Cerebral Palsy Essay, Research Paper
Though many people refer to Cerebral Palsy as a disease, in reality, it is a group of chronic conditions affecting body movement and muscle coordination. Since it is caused by damage to one or more specific areas of the brain, it usually occurs during fetal development; before, during or shortly following birth; or during infancy. Broken down, Cerebral Palsy stands for Cerebral- the brain, and Palsy-muscle weakness/poor control. Cerebral Palsy is not progressive, but secondary conditions can develop that can get better, stay the same, or get worse. It is not communicable, nor curable, but training and therapy can improve function.

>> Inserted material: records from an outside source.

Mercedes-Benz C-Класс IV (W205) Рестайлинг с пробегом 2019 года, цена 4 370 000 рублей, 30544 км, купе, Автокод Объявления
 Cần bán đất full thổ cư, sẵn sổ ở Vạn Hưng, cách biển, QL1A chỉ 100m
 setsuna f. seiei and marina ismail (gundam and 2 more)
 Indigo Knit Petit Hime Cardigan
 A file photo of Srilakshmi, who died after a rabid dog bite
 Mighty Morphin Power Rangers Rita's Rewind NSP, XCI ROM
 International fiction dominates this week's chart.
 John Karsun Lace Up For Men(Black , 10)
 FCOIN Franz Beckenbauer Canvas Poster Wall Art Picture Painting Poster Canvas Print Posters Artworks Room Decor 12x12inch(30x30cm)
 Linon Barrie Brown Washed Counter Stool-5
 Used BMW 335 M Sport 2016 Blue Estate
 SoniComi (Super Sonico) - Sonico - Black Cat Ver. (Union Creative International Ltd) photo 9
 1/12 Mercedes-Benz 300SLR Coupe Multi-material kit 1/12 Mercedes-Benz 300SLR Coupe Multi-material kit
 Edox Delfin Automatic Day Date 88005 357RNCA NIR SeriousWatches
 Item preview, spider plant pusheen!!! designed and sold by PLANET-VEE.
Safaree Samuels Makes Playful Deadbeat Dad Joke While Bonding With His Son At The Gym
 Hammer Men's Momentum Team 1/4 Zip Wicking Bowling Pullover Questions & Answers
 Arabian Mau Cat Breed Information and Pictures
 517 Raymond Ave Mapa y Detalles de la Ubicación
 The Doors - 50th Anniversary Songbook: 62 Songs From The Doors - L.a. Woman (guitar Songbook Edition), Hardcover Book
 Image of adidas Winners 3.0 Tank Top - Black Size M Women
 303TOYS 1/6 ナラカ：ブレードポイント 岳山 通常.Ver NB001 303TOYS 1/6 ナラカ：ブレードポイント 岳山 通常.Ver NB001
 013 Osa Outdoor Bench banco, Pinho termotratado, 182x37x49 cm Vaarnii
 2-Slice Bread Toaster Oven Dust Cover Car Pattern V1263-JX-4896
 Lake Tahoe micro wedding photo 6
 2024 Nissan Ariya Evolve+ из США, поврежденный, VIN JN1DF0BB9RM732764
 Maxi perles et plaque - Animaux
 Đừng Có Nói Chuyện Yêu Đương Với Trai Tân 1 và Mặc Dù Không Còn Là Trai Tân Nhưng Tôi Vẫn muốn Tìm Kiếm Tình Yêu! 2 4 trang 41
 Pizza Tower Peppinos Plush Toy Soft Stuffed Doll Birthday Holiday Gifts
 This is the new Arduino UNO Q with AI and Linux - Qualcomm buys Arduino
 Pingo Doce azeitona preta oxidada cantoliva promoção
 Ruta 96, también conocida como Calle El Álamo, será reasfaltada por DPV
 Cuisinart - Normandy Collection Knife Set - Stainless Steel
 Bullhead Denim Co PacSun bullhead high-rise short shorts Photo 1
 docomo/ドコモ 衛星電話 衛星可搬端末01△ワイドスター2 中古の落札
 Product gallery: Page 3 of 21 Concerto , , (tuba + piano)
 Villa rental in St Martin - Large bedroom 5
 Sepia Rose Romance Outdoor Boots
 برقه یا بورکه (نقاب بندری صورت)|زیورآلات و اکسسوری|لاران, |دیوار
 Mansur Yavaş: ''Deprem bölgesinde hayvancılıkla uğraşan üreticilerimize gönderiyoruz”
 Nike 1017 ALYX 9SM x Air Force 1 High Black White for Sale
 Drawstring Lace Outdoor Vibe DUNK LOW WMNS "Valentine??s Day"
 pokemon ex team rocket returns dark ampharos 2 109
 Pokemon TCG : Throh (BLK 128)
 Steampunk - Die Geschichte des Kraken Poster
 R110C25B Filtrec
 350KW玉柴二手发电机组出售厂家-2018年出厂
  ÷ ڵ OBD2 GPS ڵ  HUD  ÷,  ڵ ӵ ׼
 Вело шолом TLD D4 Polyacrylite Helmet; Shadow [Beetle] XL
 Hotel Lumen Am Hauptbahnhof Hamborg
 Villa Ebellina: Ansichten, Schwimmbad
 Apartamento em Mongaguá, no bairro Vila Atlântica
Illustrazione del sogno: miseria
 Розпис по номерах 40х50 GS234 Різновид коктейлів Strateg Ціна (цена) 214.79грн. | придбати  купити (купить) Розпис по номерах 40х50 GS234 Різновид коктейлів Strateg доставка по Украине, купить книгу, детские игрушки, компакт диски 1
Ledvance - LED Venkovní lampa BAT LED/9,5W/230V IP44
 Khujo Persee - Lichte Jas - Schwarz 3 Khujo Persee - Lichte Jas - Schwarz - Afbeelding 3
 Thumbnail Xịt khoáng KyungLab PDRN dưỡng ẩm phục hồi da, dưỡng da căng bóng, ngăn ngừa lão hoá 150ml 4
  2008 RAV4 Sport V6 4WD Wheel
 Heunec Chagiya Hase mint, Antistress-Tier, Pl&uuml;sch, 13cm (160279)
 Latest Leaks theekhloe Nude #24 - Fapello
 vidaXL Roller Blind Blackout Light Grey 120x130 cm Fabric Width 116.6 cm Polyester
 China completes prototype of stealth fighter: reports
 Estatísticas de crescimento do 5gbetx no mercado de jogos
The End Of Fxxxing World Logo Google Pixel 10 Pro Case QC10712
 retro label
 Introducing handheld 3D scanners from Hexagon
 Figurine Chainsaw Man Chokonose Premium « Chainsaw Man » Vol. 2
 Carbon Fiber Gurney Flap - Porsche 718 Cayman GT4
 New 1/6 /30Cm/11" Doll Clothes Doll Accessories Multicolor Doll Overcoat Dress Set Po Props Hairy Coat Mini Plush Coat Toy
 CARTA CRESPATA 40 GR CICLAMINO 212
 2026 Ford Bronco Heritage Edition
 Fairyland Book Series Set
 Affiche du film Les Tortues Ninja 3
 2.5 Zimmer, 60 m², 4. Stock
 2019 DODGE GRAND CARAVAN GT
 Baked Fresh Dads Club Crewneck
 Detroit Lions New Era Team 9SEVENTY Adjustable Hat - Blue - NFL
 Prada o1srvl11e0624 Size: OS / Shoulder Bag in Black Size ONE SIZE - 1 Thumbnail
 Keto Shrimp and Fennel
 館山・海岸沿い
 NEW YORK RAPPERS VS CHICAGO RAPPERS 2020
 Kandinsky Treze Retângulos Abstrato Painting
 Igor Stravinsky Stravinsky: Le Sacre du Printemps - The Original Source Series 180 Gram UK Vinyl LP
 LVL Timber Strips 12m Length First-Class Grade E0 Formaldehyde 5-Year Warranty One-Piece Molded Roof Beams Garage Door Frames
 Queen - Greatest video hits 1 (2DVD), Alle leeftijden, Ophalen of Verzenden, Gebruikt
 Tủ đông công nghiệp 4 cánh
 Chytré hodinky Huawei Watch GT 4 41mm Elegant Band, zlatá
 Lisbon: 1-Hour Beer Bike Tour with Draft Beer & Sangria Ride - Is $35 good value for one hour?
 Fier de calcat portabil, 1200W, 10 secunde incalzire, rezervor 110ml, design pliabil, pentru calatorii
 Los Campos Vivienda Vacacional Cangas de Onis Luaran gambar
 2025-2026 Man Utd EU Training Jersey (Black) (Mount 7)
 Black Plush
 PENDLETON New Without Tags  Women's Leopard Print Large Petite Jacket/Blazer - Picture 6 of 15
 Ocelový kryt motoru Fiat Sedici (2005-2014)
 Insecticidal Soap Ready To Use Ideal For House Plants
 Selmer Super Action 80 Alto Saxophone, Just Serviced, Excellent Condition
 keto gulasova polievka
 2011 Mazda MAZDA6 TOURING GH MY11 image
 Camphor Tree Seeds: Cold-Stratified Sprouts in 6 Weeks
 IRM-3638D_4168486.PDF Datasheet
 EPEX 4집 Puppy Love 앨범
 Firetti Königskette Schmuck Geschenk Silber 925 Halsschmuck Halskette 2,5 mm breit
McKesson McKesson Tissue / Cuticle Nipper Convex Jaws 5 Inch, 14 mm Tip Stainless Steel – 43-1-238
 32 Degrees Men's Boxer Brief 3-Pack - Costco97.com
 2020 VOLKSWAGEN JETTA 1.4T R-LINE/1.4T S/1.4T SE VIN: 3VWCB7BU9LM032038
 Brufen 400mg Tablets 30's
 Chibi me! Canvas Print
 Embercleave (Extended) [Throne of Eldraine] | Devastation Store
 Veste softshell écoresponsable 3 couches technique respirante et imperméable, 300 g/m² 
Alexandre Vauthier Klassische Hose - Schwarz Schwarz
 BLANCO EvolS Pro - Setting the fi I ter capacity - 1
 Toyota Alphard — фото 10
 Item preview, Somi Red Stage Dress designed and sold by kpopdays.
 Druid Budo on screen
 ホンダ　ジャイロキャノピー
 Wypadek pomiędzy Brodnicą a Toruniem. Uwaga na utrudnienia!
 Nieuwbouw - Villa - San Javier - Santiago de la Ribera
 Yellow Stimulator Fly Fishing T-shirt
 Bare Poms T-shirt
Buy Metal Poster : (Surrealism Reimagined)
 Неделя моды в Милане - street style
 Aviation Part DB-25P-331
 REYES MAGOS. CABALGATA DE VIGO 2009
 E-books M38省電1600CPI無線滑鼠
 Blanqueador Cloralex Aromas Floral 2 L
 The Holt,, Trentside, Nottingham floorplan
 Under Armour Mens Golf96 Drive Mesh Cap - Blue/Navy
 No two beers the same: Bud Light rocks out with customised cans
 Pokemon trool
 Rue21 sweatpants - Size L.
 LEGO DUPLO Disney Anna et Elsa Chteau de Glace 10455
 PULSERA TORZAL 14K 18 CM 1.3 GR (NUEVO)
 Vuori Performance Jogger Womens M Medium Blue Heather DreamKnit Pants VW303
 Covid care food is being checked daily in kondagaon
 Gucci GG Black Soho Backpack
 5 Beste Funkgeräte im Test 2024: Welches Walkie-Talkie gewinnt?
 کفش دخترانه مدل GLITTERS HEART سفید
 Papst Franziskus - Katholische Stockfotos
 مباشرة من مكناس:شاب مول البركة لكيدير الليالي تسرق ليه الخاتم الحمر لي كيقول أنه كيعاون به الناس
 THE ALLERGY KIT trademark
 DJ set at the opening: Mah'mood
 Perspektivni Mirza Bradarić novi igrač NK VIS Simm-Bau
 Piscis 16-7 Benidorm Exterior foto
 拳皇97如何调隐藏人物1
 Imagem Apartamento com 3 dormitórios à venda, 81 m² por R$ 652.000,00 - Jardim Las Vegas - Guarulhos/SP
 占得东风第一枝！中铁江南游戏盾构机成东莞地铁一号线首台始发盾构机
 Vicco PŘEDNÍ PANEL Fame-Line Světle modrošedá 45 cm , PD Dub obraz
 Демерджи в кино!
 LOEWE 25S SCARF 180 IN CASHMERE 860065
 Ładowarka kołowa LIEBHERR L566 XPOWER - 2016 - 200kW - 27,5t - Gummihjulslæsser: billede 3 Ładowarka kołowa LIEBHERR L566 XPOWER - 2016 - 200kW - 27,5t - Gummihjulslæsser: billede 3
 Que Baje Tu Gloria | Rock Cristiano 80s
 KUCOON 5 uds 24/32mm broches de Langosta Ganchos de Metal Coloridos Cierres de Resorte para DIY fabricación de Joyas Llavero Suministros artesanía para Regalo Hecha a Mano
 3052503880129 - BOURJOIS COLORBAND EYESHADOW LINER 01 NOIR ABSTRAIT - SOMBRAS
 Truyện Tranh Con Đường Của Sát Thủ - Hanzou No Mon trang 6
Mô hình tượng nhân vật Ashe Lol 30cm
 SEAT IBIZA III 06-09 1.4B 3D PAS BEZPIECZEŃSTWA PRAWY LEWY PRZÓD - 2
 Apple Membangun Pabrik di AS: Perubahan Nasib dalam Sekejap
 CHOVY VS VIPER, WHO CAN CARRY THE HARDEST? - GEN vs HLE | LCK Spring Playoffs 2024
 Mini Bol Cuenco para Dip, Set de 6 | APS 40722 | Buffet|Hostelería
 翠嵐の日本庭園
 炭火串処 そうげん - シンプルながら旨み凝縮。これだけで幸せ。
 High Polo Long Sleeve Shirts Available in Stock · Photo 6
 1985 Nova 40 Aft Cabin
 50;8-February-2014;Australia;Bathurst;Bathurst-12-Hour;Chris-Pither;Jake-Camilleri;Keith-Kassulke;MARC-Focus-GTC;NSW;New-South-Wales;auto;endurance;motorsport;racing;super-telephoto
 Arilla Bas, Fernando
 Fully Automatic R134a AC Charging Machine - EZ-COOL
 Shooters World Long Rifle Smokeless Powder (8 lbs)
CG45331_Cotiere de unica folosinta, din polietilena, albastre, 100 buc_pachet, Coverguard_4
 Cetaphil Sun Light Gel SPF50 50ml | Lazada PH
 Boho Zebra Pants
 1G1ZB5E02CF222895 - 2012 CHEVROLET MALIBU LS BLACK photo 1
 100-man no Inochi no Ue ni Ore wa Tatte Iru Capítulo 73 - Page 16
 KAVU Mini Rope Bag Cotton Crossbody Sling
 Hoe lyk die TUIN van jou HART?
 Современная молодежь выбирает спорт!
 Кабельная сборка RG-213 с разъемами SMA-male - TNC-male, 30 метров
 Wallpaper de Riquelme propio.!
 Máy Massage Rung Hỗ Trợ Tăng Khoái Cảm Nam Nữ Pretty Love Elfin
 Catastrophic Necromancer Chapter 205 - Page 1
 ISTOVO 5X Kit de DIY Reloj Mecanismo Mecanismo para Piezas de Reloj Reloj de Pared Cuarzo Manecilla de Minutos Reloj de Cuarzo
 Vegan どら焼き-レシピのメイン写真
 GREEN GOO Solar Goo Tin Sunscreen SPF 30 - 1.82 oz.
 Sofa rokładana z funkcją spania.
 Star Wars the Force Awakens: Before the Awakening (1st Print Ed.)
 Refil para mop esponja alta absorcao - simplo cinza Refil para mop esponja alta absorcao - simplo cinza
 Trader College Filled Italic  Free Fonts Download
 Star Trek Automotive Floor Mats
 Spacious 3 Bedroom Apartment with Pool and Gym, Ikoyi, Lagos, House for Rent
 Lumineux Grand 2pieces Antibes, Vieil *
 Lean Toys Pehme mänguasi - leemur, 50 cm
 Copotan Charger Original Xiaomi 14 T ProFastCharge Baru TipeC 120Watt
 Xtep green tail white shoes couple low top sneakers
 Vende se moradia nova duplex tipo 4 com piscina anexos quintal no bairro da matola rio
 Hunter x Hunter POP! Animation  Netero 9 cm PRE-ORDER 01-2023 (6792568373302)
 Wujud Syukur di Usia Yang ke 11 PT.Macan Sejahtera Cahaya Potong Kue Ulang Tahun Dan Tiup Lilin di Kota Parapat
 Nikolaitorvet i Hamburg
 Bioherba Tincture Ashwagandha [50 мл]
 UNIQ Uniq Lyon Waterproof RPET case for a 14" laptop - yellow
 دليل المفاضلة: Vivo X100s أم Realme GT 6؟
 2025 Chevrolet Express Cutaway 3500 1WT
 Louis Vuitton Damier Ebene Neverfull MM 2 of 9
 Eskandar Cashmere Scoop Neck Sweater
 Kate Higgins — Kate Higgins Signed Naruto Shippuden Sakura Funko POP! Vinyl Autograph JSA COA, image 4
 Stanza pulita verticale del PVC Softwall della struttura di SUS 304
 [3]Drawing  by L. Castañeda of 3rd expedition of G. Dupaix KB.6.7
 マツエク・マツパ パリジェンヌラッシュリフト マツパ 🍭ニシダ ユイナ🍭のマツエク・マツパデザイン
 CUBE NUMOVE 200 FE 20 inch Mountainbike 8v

C.P. is characterized by an inability to fully control motor function, particularly muscle control and coordination. Depending on which areas of the brain have been damaged, one or more of the following may occur: muscle tightness or spasm, involuntary movement, disturbance in gait and mobility. Also, the following can also occur: abnormal sensation and perception, impairment of sight, hearing or speech; seizures, and mental retardation. Other problems that can occur are difficulties in feeding, bladder and bowel control, problems with breathing because of postural difficulties, skin disorders because of pressure sores, and learning disabilities.
A large number of factors that can injure the developing brain may produce cerebral palsy. One important cause is an insufficient amount of oxygen reaching the fetal or newborn brain. Oxygen supply can be interrupted by premature separation of the placenta from the wall of the uterus, awkward birth position of the baby, labor that is too long or too short, or interference with circulation in the umbilical cord. Premature birth, low birth weight, RH or A-B-O blood type incompatibility between mother and child, infection of the mother with German measles or other virus diseases in early pregnancy, and microorganisms that attack the infant’s central nervous system also are risk factors for cerebral palsy. The most causes of cerebral palsy are related to the developmental and childbearing processes and, since the condition is not inherited, the condition is often called congenital cerebral palsy. A less common type is acquired cerebral palsy, usually occurring before two years of age. Head injury is the most frequent cause, usually the result of motor vehicle accidents, falls, or child abuse; another cause is brain infection.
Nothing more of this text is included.